Feelings - 32

596 51 2
                                    

Bertemu dengan hari terakhir ujian kenaikan kelas mungkin harapan terbesar Gigi. Sebab, selain tak sabar ingin menjadi siswi kelas akhir di jenjang menengah atas, Gigi juga ingin segera meraih hari libur selama dua pekan penuh.

Namun, otak yang tadinya mengagung-agungkan liburan mendadak buyar kala netra cokelat terangnya menangkap sosok Jota yang berdiri di depan kelas sebelah-tempat di mana Edyta melangsungkan kegiatan ujian kenaikan kelas. Sebab, nomor absensi Edyta masuk sepuluh urutan pertama.

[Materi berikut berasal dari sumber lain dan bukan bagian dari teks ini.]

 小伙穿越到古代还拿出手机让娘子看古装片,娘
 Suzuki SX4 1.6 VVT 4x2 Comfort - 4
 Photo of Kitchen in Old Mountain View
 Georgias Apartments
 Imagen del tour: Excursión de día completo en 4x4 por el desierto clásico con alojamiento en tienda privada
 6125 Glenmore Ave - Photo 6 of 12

Kala netra Gigi dan Jota bersinggungan, kontan Gigi mengalihkan pandangannya. Tak ingin tertangkap basah tengah memerhatikan tetangganya itu.

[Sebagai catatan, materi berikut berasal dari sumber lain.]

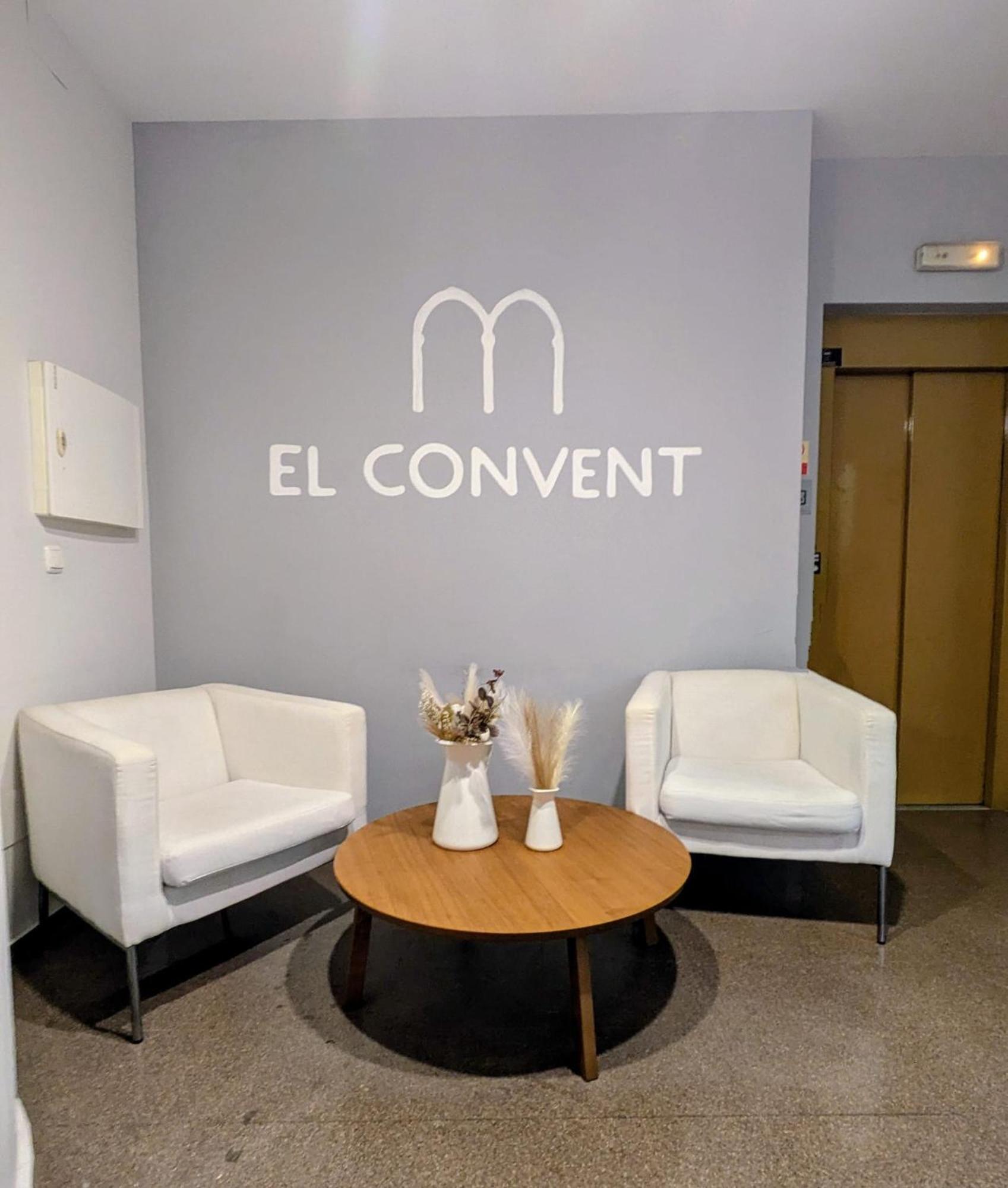Hostal El Convent De Moncada Buitenkant foto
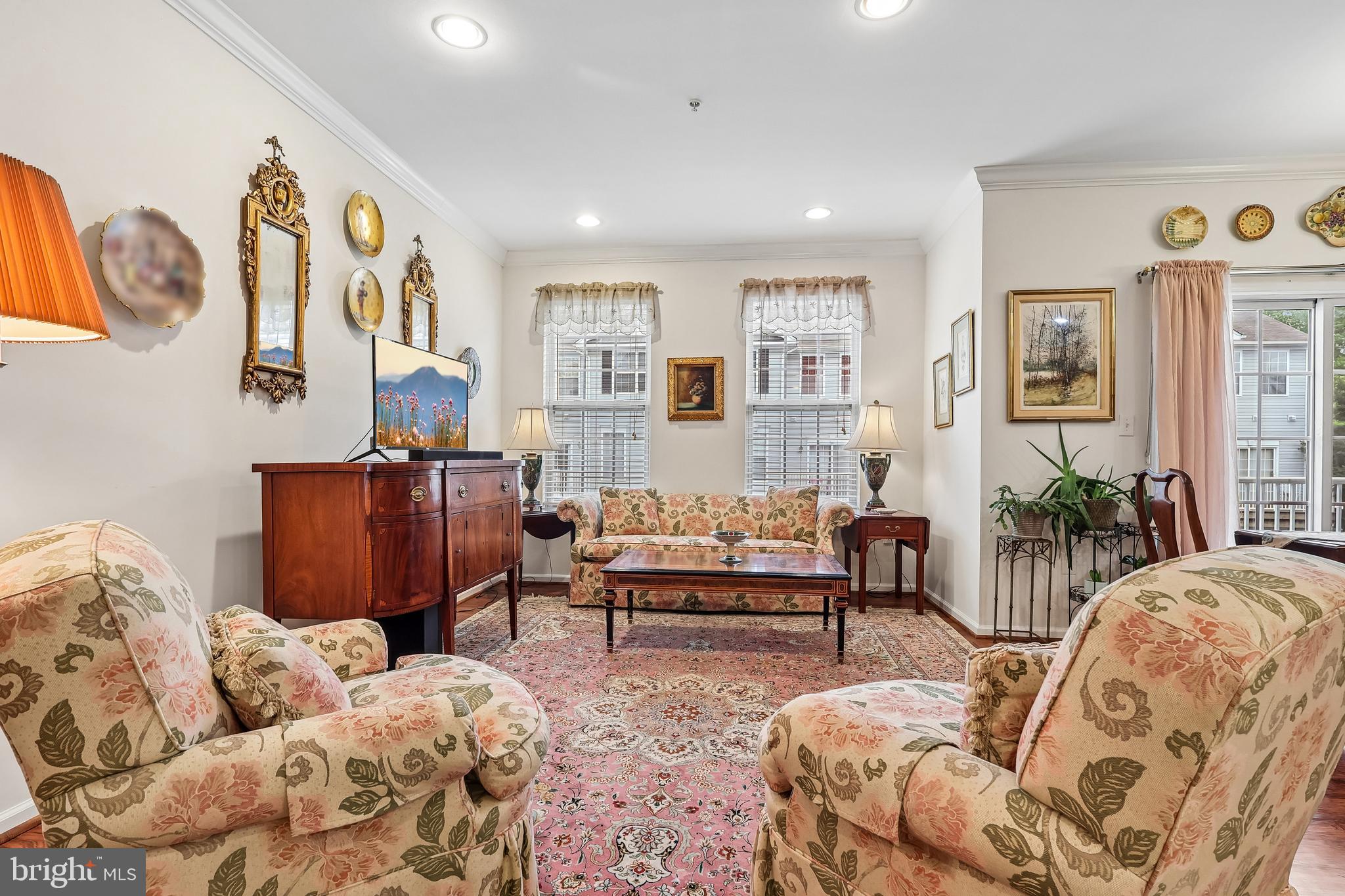 340 Lisa Way Riverton, NJ 08077 - Photo 7 of 44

"Hai, Jo!" Seruan bernada riang yang tak asing lagi bagi indera pendengarnya kembali menarik Gigi untuk menolehkan pandangan ke samping kiri.

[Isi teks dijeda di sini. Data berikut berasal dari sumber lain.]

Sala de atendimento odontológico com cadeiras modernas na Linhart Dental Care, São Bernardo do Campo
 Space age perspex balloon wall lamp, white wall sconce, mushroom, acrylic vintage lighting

Cengiran lebar dari gadis cantik itu membuat Gigi menarik sudut bibirnya paksa. Ah... tentu siapa yang tak akan terpesona dan jatuh hati pada gadis bernama Edyta? Gigi tak meragukan sama sekali tipe Jota dalam urusan cinta. Sebab, Edyta adalah wujud nyatanya. Gadis itu sempurna.

Kembali merasakan denyut sakit di dada kirinya, Gigi membuang pandangannya ke sembarang arah disertai embusan napas panjang. Sendi-sendinya mendadak terasa patah. Apalagi ketika Jota mengusap puncak kepala Edyta.

"Jadi ke mall 'kan habis ini?"

Mengangguk, Edyta mengiakan. "Jadi dong!" jawabnya bersemangat.

Tak tahu kenapa kaki Gigi tak bisa beranjak dari tempat yang sialannya membuat jantungnya berdenyut nyeri walau berjarak empat meter dari sumbernya. Justru seolah disengajakan untuk mendengar percakapan Jota dan Edyta.

"Habis cari kado buat Mamaku, nanti nonton, ya, Jo?"

"Iya."

Mengembuskan napas kasar, Gigi menggerakkan tubuhnya paksa. Sebab, serius, telinganya tak kuat untuk mendengar obrolan mereka lebih jauh lagi. Atau sebagai bentuk antisipasi rasa sakit agar tak kian menikam dadanya.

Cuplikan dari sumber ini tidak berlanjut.